An-y-way, in the afternoon - which is what we were building up to - we got the Knight tandem down from its hook. Mr & Mrs Knight possess an Ibis made in California and my legs-and-arms approximate to the lengths of Mrs Knight's legs-and-arms so I could sit on the back and enjoy myself.
A 22 mph tandem which I did not build

I haven't ridden tandems before but now I've built one I needed to find out how they're supposed to go.

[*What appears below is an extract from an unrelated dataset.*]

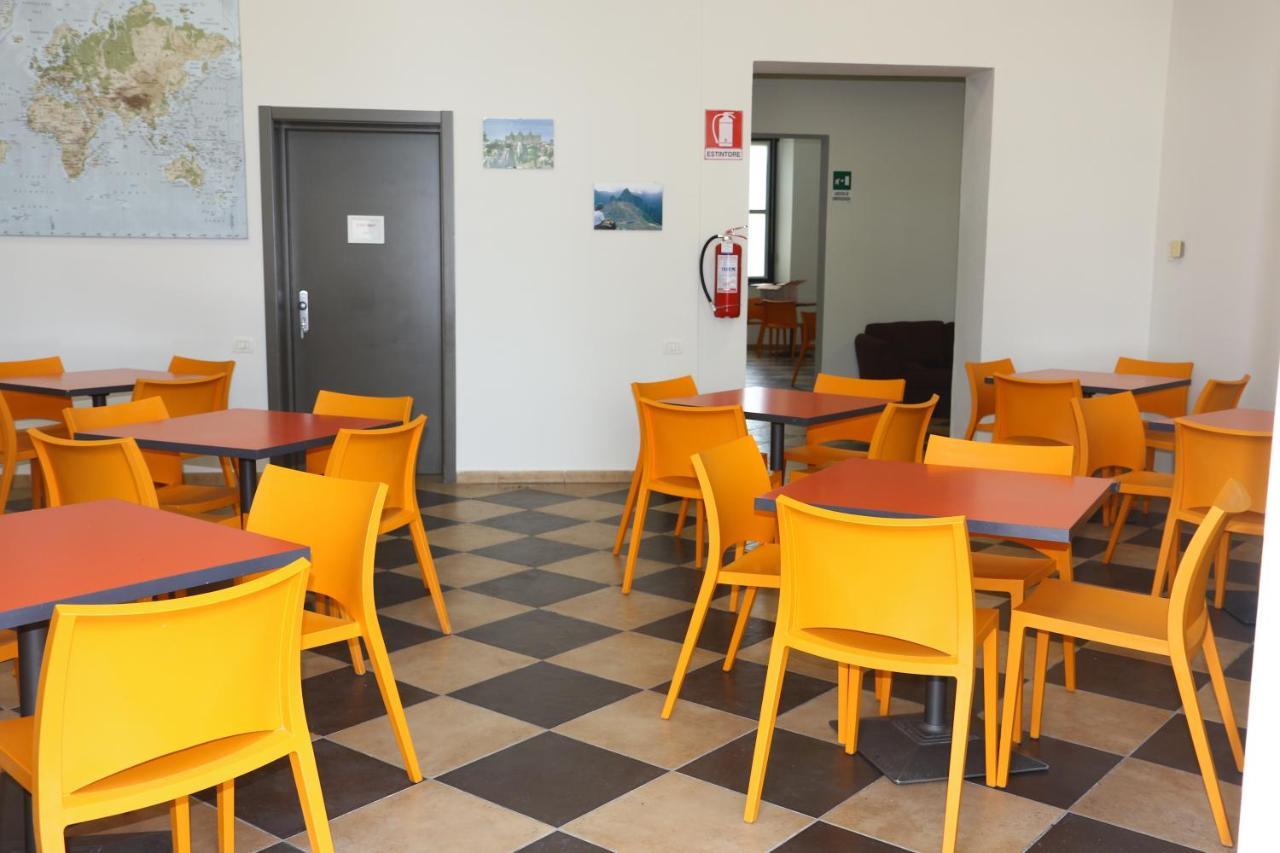 Student'S Hostel Parma Esterno foto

One has to have total trust in the chap up front, and sit clipped in while he stands at junctions, and one has to pedal like absolute stink when setting off because the pilot is busy trying to balance and steer and locate his cleat, and this pedalling is done from a standstill at the command of the pilot, and one has to stop pedalling on command too, and one has to refrain from steering. All of these things don't come naturally. However my bad neck which has prevented me riding drop handlebars for a while was now no obstacle because I didn't have to see where I was going but could peer straight down throughout the ride and admire the chainset, and because I do not wish to offend Mr Knight on a public forum such as this web log, I shall not disclose that his left rear crank had fourteen specks of road dust on it.

Approx halfway along the ride someone shot an airgun at my helmet. I heard the pellet whizz past in the air. I said the usual word, then:
' - what the (usual word) was that?'
And then I received a direct hit on my helmet. I said the usual word again, and nearly bringing the tandem down, twisted round to see who was shooting at me. A large bird was flying away with a vicious grin on its beak.
'Hah!' said Mr Knight, delighted. 'Magpie attack!'

It seems that the Australian magpie, which is a handsome crow with a white back and the most magical musical song, has for the two nesting months of September and October a habit of attacking cyclists' heads from behind. These aerial attacks are so startling - I now vouch for it - that people have fallen off, and indeed one wealthy cyclist paid for hunters to shoot every magpie they could find in a certain mountain pass where he fell off and broke his bones.

On the Sunday we did another ride sans magpies managing 22 miles in one hour which is as good as I can manage on a closed oval racetrack on a racing recumbent. I was reminded of the first BHPV event I ever went to which was Milton Keynes in, oh, about 1986, where the Crane cousins thrashed everyone including the Vectors, riding a caged tandem.


A 44 mph tandem, 1986. Dick and Nick Crane, Milton Keynes. The shoulder in the yellow jersey attached to the chap who doesn't know which way to arrange his hat is that of one Richard Ballantine Esq.

Home, and I took my recumbent on my daily ride, and slowing on the cyclepath to spy out all its broken beer bottles (I swept up four) I was overtaken by a roadie who cleared first his left nostril in front of me and then his right, which I considered really quite impolite because the spray went all over my face.

So I paid for hunters to shoot him.

However they have to get the right roadie.
Because I had to send a note through to the Police asking them to contact a local truck driver and ask him if he'd very kindly stop driving deliberately close to me, and the Police replied and said three of their officers have had the same problem with the same truck driver. You see, half the local roadies are also Police officers, a fact which isn't as widely known as you might have thought, though when one particular pair of exuberant youths repeatedly carved up a training peloton, they found out on the Monday morning when a uniformed senior officer pulled up outside their house and discovered a bag of cannabis in the offending car.